*Problem to solve*.
Start at the line with "Bling Cow Car" in the records below, stop at the line with "Blue Patterned Casual", and return every line in that span exactly, the two end lines included.

*Supplied information*.
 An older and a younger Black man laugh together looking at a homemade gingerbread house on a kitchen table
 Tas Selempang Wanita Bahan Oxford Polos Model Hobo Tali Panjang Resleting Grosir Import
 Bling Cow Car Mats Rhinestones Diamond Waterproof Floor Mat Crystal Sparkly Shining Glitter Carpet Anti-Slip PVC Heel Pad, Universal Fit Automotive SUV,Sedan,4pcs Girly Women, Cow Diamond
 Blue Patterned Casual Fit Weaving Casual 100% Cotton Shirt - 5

...

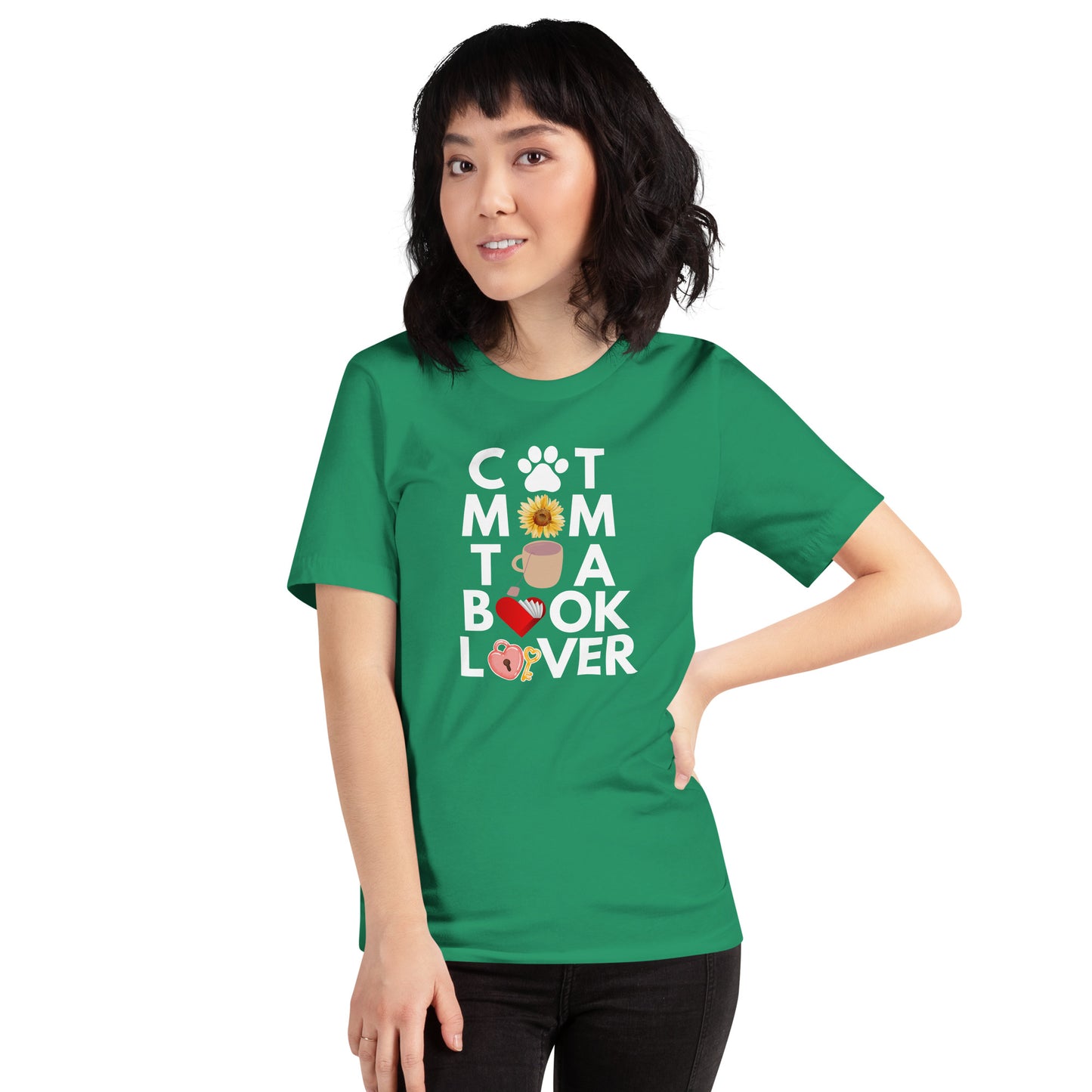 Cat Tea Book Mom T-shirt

*Response box*.
 Bling Cow Car Mats Rhinestones Diamond Waterproof Floor Mat Crystal Sparkly Shining Glitter Carpet Anti-Slip PVC Heel Pad, Universal Fit Automotive SUV,Sedan,4pcs Girly Women, Cow Diamond
 Blue Patterned Casual Fit Weaving Casual 100% Cotton Shirt - 5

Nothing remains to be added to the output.